Now, imagine someone said, “I will never have to bench press anything on the basketball court, so why should I bench press now?” Or, “I never have to stretch on the soccer field, so I’m not going to stretch before I play!”
You would realize that they had no idea what they were talking about. You do all of those things not because you need to do the same things in the game, but because you need to prepare your body to play the game well.
It’s the same thing with reading the Iliad and working at Chevron corporate headquarters or on Capitol Hill.
I worked at Chevron corporate headquarters with their speechwriting team, and wrote speeches for the CEO and CFO about topics I had never encountered before. I did this right after college, when I was 20, and I could only do it because I had put my mind through a workout. I attended a Great Books program in college, where I had built up my mind with the Iliad, stretched it with Aristotelian logic, and kept it stretched and warmed up by continuing to read after graduation.
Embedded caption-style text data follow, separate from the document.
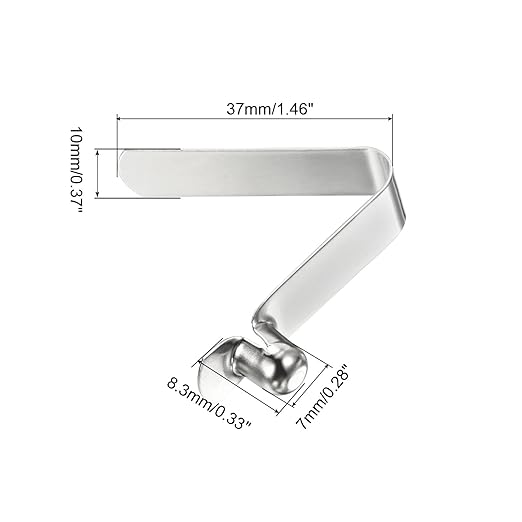 PATIKIL 8.2x7mm Kayak Paddle Snaps, 10 Pack Tent Pole Clips Steel V Shaped Single Pin Push Button Spring Clips Lock Tube Pole Clips for Camping Awning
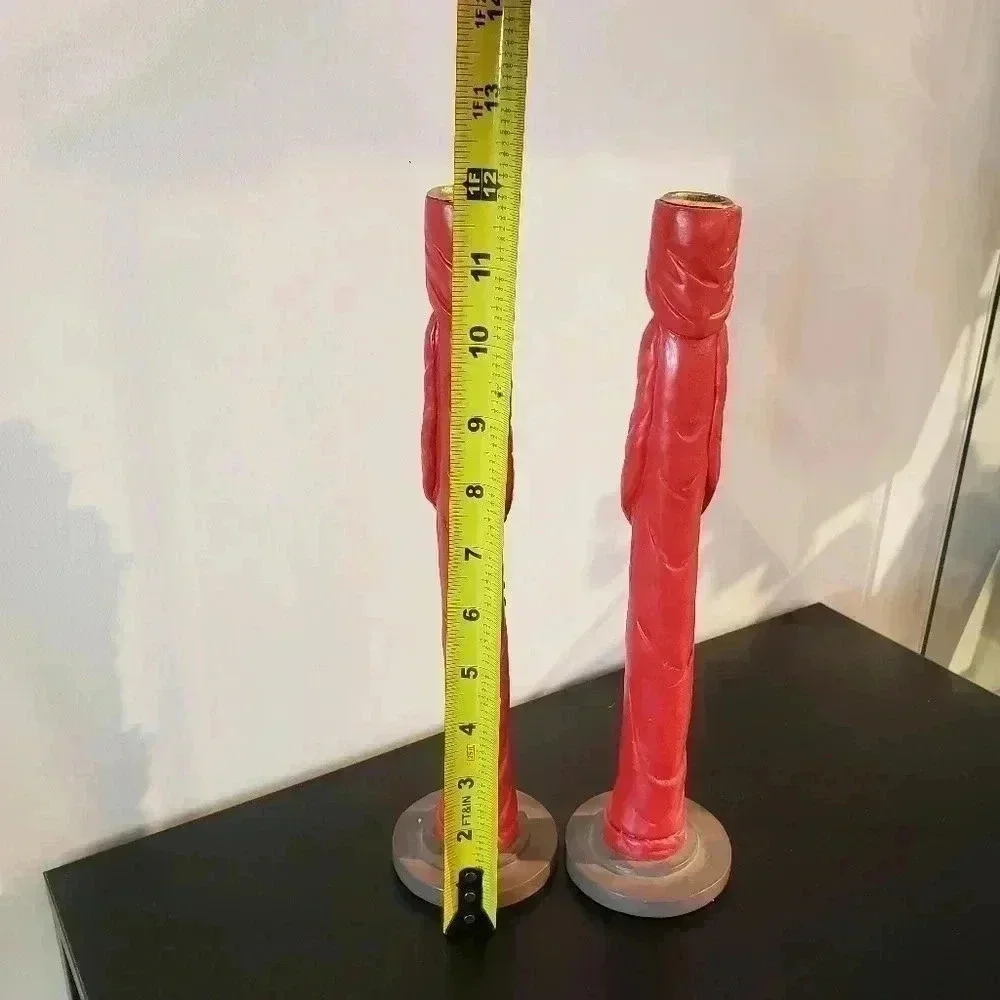 Tall Skinny Santa Claus Candle Holders - Set of 2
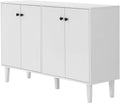 Panana Sideboard Buffet Cabinet Kitchen Storage Cabinet Living Room 4 Doors Console Table (White)
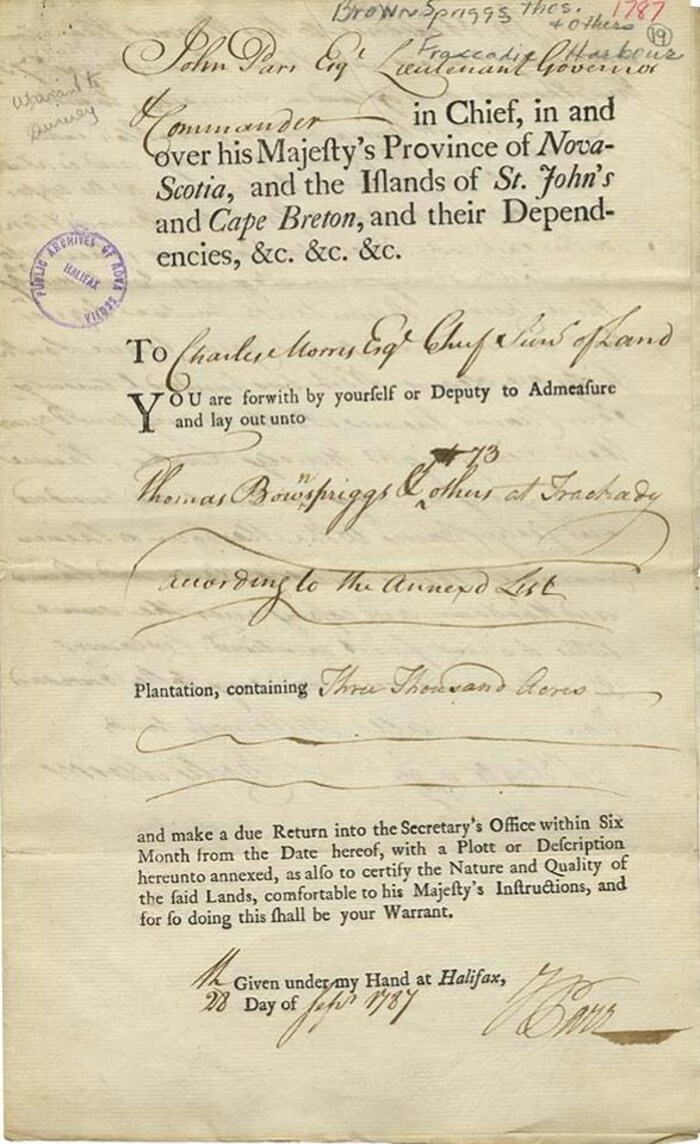 Ce document de 1787 confirme l'attribution de terres à Thomas Brownspriggs et à 73 autres loyalistes noirs.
I did the same thing on Capitol Hill. I worked for the Chairman of the Ways and Means Committee, and I had to write knowingly about things I had never studied: International trade agreements, tax law, and health care coverage. My brain knew how to do it, because I had spent years tackling even bigger, harder topics: Plato, Shakespeare and Dostoevsky.
“But the loss of reading doesn’t just affect individuals,” I said. “It changes nations.”
In the 1940s, George Orwell wrote, in Politics and the English Language, “[Our language] becomes ugly and inaccurate because our thoughts are foolish, but the slovenliness of our language makes it easier for us to have foolish thoughts. ... if thought corrupts language, language can also corrupt thought.”
He says that by not reading, we don’t just choose a different pastime. It means we have left our minds vulnerable to bad people who can now easily trick us into doing bad things.
If he’s right, then the future of America is going to be rough. People who have never spent time challenging or stretching their minds will not be able to think through what’s right and wrong for themselves, their families, or our nation. They will easily be led to believe whatever they are told by those who want to control them. They will be putty in the hands of evil.
If you have learned to read deeply, you have been given a great gift.
You have learned that the truth is knowable, and lovable. You have learned that the truth simultaneously makes you humble and confident; it simultaneously puts you in your place and sends you out as its ambassador. If you have been given this gift, you have been called to stand in the breach and defend the true dignity of the human person as only you know it.
“So, we’re counting on you,” I ended. “We’re counting on you to read, think, and wonder about things beyond what’s right in front of you. I guarantee that, if you do, you will do more with your life than you ever thought possible.”